I have been following the work of Pilar and Fernando for many years, since I became interested in politics when I was very young. They have written in a number of media and participated in different radios, always dealing with the daily politics in Spain. Their work always was interesting because they got first hand, insightful information, often with insider comments that were most enlightening to get glimpses on the actual situation: the one which happens behind the curtains.
Yet unfortunately, the politics situation in Spain is getting more and more extremist, to the point that a feature formerly considered a virtue in media (independence) is currently extremely rare: in most cases, you can figure out what any journalist is going to say/write by only looking at the place he will speak/write: the good, old days where politically different, credible opinions could be read in a same journal, are gone. And today, people hardly have any exposure to the points of view of the opposite party, making any possibility of consensus in central topics almost an impossibility. And it leads to the sad situation where such topics (education, terrorism, foreign policy) are strongly debated and used as weapons against the other party, insted of being something commonly supported by the main parties.

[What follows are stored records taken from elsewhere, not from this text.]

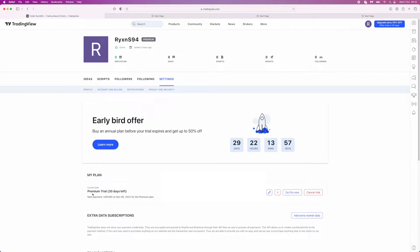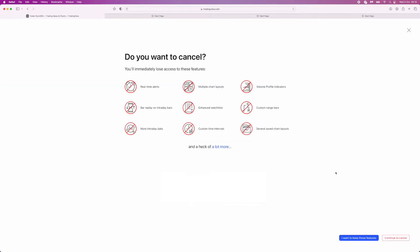As you can see, my current plan is the Premium Trial, which has 30 days left. So if you want to go ahead and cancel this before the money gets taken from your account, you can come over to the right hand side and click on Cancel Trial.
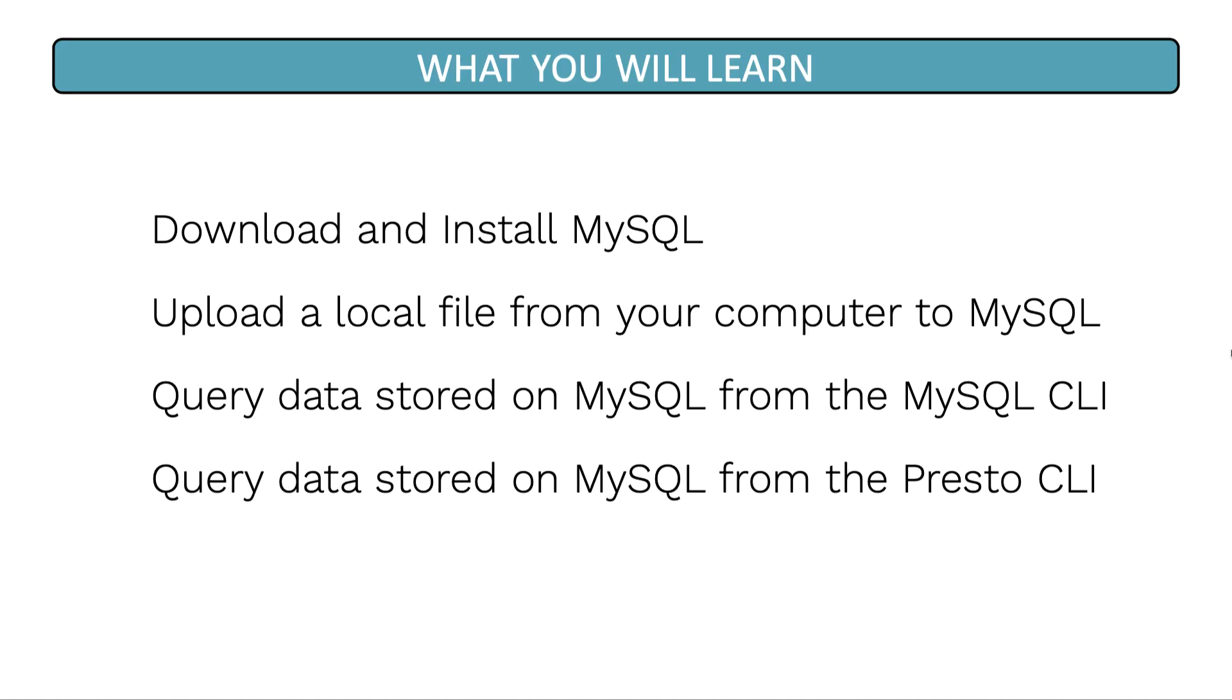Welcome to the MySQL installation lesson. In this lesson, you'll learn how to download and install the MySQL database, upload a local file from your computer onto the MySQL database, query data stored on the MySQL database from the MySQL command line, and query data stored on the MySQL database from the Presto command line.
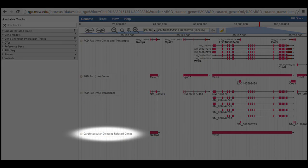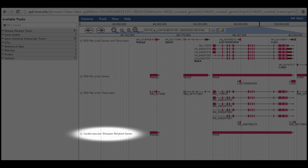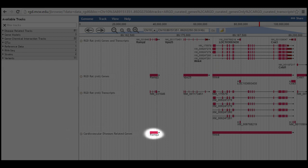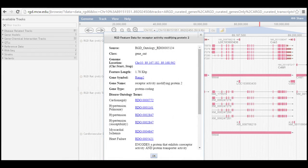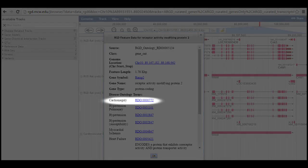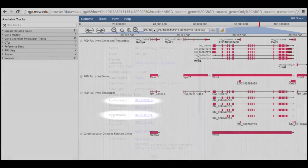The disease-related tracks and the gene-chemical interaction tracks categories are both populated based on the RGD's ontology annotations, meaning that only objects with annotations to a particular category of terms will appear in the tracks for that category. Pop-ups for these objects list the annotations related to the selected category, in this case cardiomegaly, hypertension, etc.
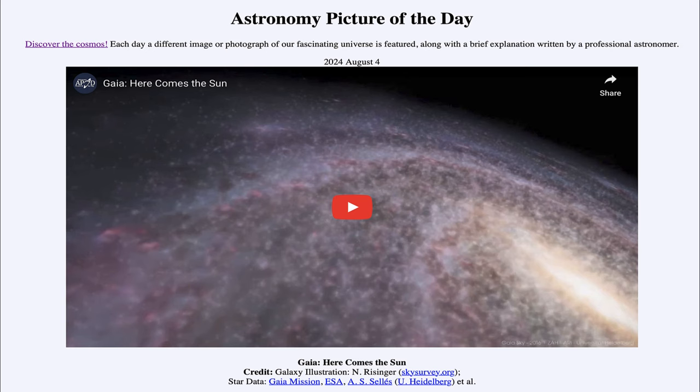That was our picture of the day for August 4th of 2024, titled Gaia: Here Comes the Sun. We'll be back again tomorrow for the next picture. Until then, have a great day, everyone.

Under such circumstances, it is rare to see people like Fernando and Pilar, enabled to make respectful criticism to both, the conservative and the socialist parties (called in Spain Partido Popular and Partido Socialista Obrero Español), so that usually their opinions deserve being closely followed and considered. However, it makes also (and I am figuring this out, as I am in no way linked to them) very difficult to continue publishing in places of high profile, given that the big communication groups in my country have no shame in showing their political preferences, which equals to excluding the truly independent journalists.
So I just wanted to pay homage, in these humble pages, to two people like Pilar and Fernando, whose work should be an example to journalists in the making. Their permanent effort to remain independent, and even their troubles in the world of communication, are to me a reminder that there are indeed reasons for hope: not everybody is ready to give up on principles to be favoured by the power.
I would like to conclude this comment by stating that, in my opinion, the most credible place to get information today, in Spain, is not the website of any big newspaper, like El País: it is a little web journal called Diario Crítico, directed by Fernando Jáuregui, where you will often find the "information that someone does not want to be published": the classic definition of news.
And finally, a petition: I would be most happy (and I guess I would not be alone on this petition) if I could listen to comments made in collaboration between Fernando and Pilar (as they have often done in the radio, in the past). Their often differing opinions are, again in my opinion, the best analysis of the reality you can currently find in this lovely country, Spain.